In a recent study, “Mutual Information Reduction Techniques and its Applications in Feature Engineering,” researchers in the Katz School’s Graduate Department of Computer Science and Engineering explore which features matter most and how they work together in the best way. They presented their findings at the 2025 IEEE International Conference on Consumer Electronics in January.
The traditional approach relies heavily on mutual information (MI), a statistical measure that tells us how much one piece of information reveals about another. For example, in a machine learning model predicting loan defaults, mutual information could identify features like credit score or income as highly relevant to the prediction.
While MI is powerful, most methods focus solely on maximizing the MI between features and the target outcome. This ensures the model gets the most relevant data, but it overlooks an important problem: redundancy among features. For instance, if two features—like monthly income and annual income—are highly correlated, they add repetitive information that can clutter the model and slow it down.

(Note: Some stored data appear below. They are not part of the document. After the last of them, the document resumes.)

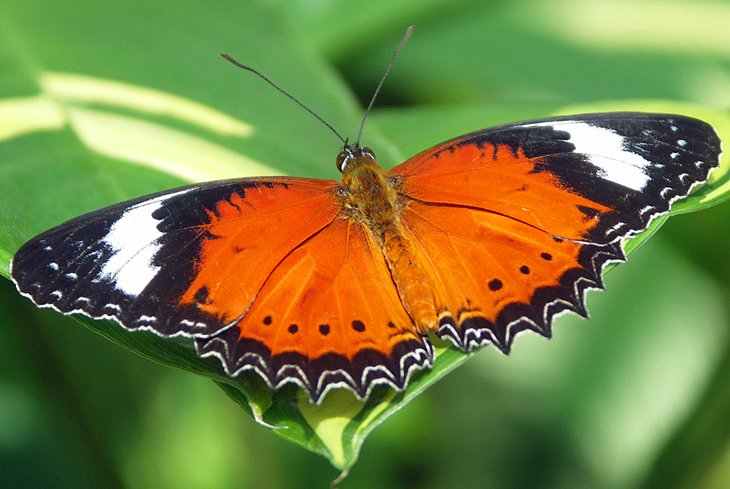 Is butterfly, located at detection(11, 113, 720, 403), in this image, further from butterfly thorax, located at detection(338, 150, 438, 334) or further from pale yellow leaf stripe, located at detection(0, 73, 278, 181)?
pale yellow leaf stripe, located at detection(0, 73, 278, 181)

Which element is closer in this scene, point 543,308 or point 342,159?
point 543,308

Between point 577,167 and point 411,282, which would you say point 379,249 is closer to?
point 411,282

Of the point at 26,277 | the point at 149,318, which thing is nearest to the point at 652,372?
the point at 149,318

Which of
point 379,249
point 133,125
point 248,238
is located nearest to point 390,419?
point 379,249

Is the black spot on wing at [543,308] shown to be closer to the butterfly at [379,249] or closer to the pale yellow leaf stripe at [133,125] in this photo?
the butterfly at [379,249]

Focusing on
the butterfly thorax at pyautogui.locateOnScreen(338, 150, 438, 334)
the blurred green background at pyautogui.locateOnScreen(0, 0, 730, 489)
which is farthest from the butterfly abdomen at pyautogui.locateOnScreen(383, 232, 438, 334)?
the blurred green background at pyautogui.locateOnScreen(0, 0, 730, 489)

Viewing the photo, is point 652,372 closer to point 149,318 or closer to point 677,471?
point 677,471

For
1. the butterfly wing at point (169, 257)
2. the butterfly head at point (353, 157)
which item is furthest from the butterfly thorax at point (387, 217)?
the butterfly wing at point (169, 257) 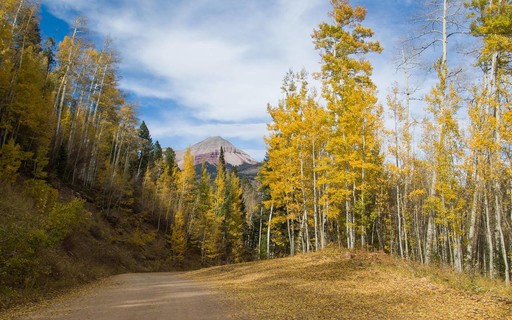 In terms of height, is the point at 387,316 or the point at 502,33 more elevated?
the point at 502,33

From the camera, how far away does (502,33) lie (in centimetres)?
1432

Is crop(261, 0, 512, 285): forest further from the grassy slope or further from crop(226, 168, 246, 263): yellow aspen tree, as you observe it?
crop(226, 168, 246, 263): yellow aspen tree

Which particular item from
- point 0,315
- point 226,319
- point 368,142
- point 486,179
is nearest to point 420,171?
point 368,142

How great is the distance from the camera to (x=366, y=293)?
1070cm

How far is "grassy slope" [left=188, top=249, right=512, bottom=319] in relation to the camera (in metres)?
8.46

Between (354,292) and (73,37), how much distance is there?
30265mm

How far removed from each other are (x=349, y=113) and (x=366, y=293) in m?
10.5

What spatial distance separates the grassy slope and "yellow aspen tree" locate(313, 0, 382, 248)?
3.78 metres

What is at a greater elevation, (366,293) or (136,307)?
(366,293)

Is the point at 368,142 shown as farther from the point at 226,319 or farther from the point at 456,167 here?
the point at 226,319

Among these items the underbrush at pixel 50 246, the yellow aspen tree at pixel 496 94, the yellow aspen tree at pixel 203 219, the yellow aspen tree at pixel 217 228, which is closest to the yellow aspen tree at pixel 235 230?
the yellow aspen tree at pixel 217 228

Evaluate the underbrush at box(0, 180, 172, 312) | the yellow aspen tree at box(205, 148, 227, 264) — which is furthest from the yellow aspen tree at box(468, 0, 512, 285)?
the yellow aspen tree at box(205, 148, 227, 264)

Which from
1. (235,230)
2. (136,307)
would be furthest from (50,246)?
(235,230)

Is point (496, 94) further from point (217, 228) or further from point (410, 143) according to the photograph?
point (217, 228) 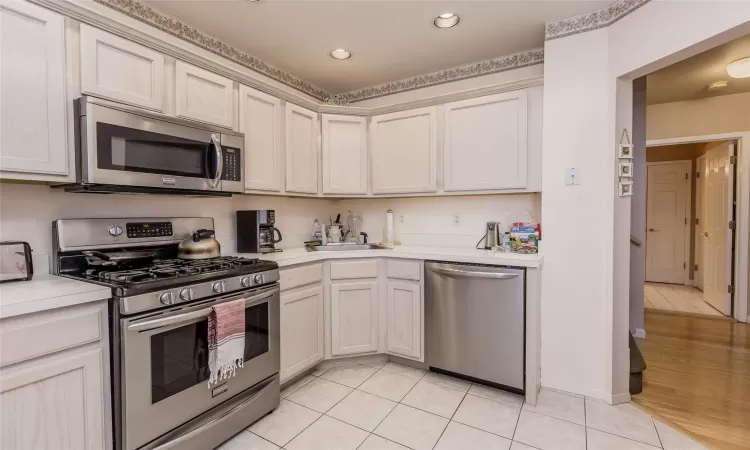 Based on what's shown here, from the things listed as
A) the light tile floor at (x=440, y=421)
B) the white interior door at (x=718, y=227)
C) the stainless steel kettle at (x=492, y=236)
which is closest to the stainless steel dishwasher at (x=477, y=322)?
the light tile floor at (x=440, y=421)

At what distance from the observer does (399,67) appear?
3014 mm

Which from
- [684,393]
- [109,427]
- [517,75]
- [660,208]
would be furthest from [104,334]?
[660,208]

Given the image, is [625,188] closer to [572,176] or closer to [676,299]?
[572,176]

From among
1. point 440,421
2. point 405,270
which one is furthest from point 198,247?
point 440,421

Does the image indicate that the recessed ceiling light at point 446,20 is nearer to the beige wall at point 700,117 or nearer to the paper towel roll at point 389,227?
the paper towel roll at point 389,227

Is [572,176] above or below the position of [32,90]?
below

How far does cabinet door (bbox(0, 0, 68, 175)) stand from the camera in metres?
1.43

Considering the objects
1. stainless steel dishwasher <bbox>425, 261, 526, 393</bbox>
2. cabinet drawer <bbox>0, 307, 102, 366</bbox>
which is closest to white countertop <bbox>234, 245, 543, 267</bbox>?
stainless steel dishwasher <bbox>425, 261, 526, 393</bbox>

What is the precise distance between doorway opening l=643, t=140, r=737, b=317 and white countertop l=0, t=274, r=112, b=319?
5429 mm

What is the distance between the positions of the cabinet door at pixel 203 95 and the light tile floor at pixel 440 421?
1.85 m

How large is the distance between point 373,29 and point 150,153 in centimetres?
161

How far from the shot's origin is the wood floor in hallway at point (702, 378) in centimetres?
195

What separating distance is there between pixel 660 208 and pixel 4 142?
7.47m

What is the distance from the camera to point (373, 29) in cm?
238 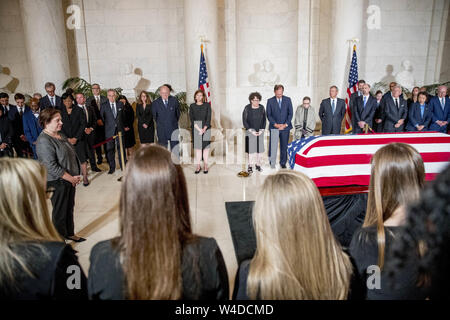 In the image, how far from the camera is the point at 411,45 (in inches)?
397

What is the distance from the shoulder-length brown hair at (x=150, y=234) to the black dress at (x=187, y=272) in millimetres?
41

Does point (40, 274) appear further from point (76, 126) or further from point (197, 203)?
point (76, 126)

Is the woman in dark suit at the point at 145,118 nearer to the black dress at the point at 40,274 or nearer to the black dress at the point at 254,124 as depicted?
the black dress at the point at 254,124

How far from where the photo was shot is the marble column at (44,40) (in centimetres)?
762

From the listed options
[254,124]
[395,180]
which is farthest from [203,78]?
[395,180]

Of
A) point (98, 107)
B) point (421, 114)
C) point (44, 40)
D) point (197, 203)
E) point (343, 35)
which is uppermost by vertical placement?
point (343, 35)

“We introduce a new way of thinking: instead of only looking for features with the highest MI scores, our study also focuses on reducing mutual information between the features themselves,” said David Li, senior author of the paper and program director of the M.S. in Data Analytics and Visualization. “This is important because by minimizing redundancy, we create a set of features, each adding unique, valuable information to the model. This approach ensures the model becomes more efficient, accurate and better at handling complex tasks like classification.”
The method starts with an MI matrix, which shows how much information each feature shares with others. By applying mutual information reduction techniques, the process identifies and removes overlapping information. This results in a refined dataset where each feature stands out for its unique contribution.
The researchers also incorporated Weight of Evidence (WOE), a transformation technique that boosts a feature’s predictive power, particularly in binary classification tasks like “yes/no” or “approve/reject” decisions. WOE captures subtle nuances in the data, ensuring that even after redundancy is reduced, the features remain highly informative.
To test their method, the researchers applied it to a loan default dataset. Using a “brute-force” method to fine-tune parameters, they successfully minimized mutual information between features. The result? A leaner, smarter model with significantly reduced redundancy.
They then layered on the WOE transformation, which further enhanced the model’s performance—especially for logistic regression models commonly used in risk management. This dual approach not only improved accuracy but also offered better insights into the factors driving loan defaults.
This breakthrough offers a smarter way to build machine learning models that aren’t bogged down by irrelevant or repetitive data. The implications are vast:
- Efficiency: Less redundant data means faster models.
- Accuracy: A cleaner feature set improves predictive performance.
- Interpretability: Models built on unique, non-redundant features are easier to understand, making them invaluable in fields like finance, healthcare and customer analytics.
“The study opens the door to new possibilities,” said Ruixin Chen, lead author of the study and a student in the M.S. in Artificial Intelligence. “Future research could explore automated ways to optimize mutual information reduction, apply the technique to more complex datasets or expand its use in unsupervised learning tasks.”